Tasked with coordinating this large-scale operation, Ambassador
Daniel Stauffacher, the Swiss Federal Council’s delegate to
WSIS, underlined its characteristics during the meeting devoted
to the "reports on the multi-partner events": "More
than 280 events have been organized in connection with the Summit.
It is important to note the high quality and great diversity of
these events. From the groups to the workshops, from the forums
to the exhibitions, from the symposia to the conferences, from the
online events to the cultural events: this entire program makes
this Summit a really special summit for each of us. In addition,
these events cover a broad range of topics: ICT for development,
the media, connectivity, human rights, knowledge and education,
cultural diversity, gender issues, science, local government, handicaps,
but also investment and infrastructure, youth and young entrepreneurs,
indigenous populations, the voluntary sector, technology and open
sources, and small and medium-sized enterprises. This diversity
of the topics further strengthened the Geneva phase of the Summit."
List
of WSIS events ICT4D platform
Simultaneously an exhibition and a forum, this event, which attracted
more than 30,000 visitors during WSIS, was held in Hall 4 of Palexpo
in December 2003. The organizers – the Swiss Agency for
Development and Cooperation (SDC), in association with the Global
Knowledge Partnership (GKP) – achieved their goal, which
was to make this multi-partner event a shop window for new technologies
in the service of development, as the perfect compliment to the
policy summit taking place in an adjacent hall. Twenty heads of
State visited the platform, which brought together 245 exhibitors
from 80 countries and offered some fifty discussion panels and
70 conferences. The follow-up to this Summit Event will give rise
to activities as part of the process which will lead to Tunis
2005.
Link
to the site of ICT4D platform
The Helloworld Project
An installation combining powerful laser beams and communication
technologies allowed Swiss artist Johannes Gees to create global
dialogue which was both interactive and visual. During WSIS, messages
coming in from the whole world were projected onto the north façade
of the Crystal Palace in New York and, simultaneously thanks to
the internet, onto a mountain in Rio de Janeiro, a large building
in Mumbai, and the liquid curtain of the Water Fountain in Geneva.

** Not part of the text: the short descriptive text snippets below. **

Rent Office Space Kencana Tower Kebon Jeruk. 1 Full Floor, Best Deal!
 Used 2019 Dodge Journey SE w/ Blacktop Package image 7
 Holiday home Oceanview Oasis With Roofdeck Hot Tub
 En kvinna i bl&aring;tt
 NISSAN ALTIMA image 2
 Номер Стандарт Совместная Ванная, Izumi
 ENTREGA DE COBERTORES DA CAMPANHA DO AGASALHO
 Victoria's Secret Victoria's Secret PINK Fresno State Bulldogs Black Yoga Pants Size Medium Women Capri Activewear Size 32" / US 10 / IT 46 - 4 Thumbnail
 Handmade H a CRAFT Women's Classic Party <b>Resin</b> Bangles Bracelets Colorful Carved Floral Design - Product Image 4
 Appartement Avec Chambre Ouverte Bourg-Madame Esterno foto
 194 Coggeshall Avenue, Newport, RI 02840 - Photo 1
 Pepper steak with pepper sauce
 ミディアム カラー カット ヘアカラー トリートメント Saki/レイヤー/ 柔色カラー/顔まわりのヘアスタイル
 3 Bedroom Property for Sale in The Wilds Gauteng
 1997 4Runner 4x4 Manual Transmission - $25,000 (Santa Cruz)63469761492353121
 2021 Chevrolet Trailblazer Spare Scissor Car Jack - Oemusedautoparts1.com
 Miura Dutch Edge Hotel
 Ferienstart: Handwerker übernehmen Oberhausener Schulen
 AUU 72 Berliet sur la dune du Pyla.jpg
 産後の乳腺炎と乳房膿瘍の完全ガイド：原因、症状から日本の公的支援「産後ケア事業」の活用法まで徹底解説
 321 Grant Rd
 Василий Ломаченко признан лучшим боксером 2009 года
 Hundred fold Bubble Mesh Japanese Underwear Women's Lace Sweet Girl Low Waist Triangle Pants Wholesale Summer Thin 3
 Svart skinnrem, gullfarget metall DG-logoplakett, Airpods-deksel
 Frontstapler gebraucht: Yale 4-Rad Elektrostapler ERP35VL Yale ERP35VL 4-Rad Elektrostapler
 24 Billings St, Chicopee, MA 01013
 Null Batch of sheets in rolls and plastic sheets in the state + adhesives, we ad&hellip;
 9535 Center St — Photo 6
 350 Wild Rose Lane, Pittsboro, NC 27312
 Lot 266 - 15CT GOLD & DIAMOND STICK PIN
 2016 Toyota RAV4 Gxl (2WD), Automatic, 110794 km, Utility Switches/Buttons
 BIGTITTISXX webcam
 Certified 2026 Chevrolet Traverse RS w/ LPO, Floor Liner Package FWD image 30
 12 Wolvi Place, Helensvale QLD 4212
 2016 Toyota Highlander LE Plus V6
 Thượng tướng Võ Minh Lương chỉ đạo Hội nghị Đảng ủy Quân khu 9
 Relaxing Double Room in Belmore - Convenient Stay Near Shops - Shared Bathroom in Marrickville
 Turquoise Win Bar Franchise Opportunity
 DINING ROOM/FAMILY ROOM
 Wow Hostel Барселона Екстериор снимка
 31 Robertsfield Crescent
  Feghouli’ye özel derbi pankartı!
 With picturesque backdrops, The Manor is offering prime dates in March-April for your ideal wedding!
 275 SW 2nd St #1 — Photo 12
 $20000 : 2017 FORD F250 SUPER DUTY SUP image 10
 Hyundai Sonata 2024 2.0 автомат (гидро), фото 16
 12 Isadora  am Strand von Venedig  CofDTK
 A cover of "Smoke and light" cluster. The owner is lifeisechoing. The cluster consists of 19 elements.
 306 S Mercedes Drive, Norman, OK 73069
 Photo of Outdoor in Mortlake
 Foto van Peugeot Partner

The Helloworld Project was developed with the support of the Swiss
Federal Office of Culture to highlight the decisive role of ICT
in achieving the Millennium Goals defined by the United Nations.
Link
to the site of Helloworld
The media at the Summit
In the run-up to WSIS, those in charge of the radio and TV networks
of the whole world for the first time adopted a common platform
which was presented to the UN Secretary-General on the occasion
of the opening ceremony of the World
Electronic Media Forum at Palexpo. From 9 to 12 December 2003
WEMF, chaired by Jean Stock and organized in association with
Shashi Tharoor, Assistant Secretary-General for information and
communication at the United Nations, his colleagues in New York
and Geneva, and the Swiss authorities, brought together more than
600 professionals from 112 countries and 374 organizations.
After noting in his speech that "in many emerging countries,
the new media of the information society means radio" and
also that there are currently more than 400 journalists in prison
throughout the world, Jean Stock particularly emphasized freedom
of expression, which must be defended everywhere, as well as vocational
training for journalists and the independence of the media, which
must be guaranteed. "Radio and television promote cultural
identity and diversity. They are consequently the place for democratic
debate. They constitute spaces which must be opened up to all.
But to fulfill this mission, broadcasting needs editorial independence,
which is the guarantor of its credibility."